- Poster
- Directed by: Soumik Sen
- Screenplay by: Soumik Sen
- Produced by: Nideas Creations and Productions Pvt Ltd
- Starring: Subhasish Mukherjee Jisshu Sengupta Subhomoy Chatterjee Prosenjit Chatterjee
- Cinematography: Mrinmoy Nandi
- Edited by: Niladri Roy
- Music by: Debojyoti Mishra
- Production companies: Nideas Creations and Productions Pvt Ltd
- Distributed by: SVF
- Release date: 1 March 2019 (India);
- Running time: 108 mins
- Country: India
- Language: Bengali

= Mahalaya (film) =

2019 Bengali Indian film

Mahalaya is a 2019 Indian Bengali language drama film directed by Soumik Sen and produced by Nideas Creations and Productions Pvt Ltd. The film narrates an incident in Bengal in 1976, when Birendra Krishna Bhadra narrated and Pankaj Mullick composed widely popular Mahisasuramardini program, which had been playing on All India Radio since 1931 on the eve of Mahalaya, was replaced by a new program Durga Durgatiharini, narrated by Bengali film actor Uttam Kumar and composed by Hemanta Mukherjee. Subhasish Mukhopadhyay played the role of Bhadra and Jisshu Sengupta played the role of Uttam Kumar.
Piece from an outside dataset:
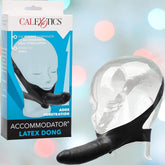 The product packaging showcases a transparent mannequin head adorned with a strap-on, prominently displaying the "CalExotics" brand and "The Original Accommodator Latex Dong Head Strap-on," emphasizing its attributes for oral pleasure. The backdrop glistens with multicolored bokeh lights, enhancing the captivating atmosphere.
The film was released theatrically on 1 March 2019.

== Cast ==
- Subhasish Mukherjee as Birendra Krishna Bhadra
- Jisshu Sengupta as Uttam Kumar
- Saptarshi Ray as Hemanta Mukhopadhyay
- Prosenjit Chatterjee as Shashi Sinha, Former I & B Secretary of India.
- Subhomoy Chatterjee as Pankaj Mullick
- Kanchan Mullick as Paritosh Banerjee, Indian Administrative Service Officer, Former Joint Secretary to the Government of India and husband of Shakuntala Devi
- Jayant Kripalani as Harold Stevenson, former Director-general, Akashbani, Kolkata
- Bhaswar Chatterjee as Anil Bagchi
- Sudipa Basu as Ramarani Devi, wife of Birendra Krishna Bhadra
- Devlina Kumar as daughter of Pankaj Mullick

==Release==
The official trailer of the film was released by Nideas Creations & Productions on 9 February 2019.

The film was released theatrically on 1 March 2019.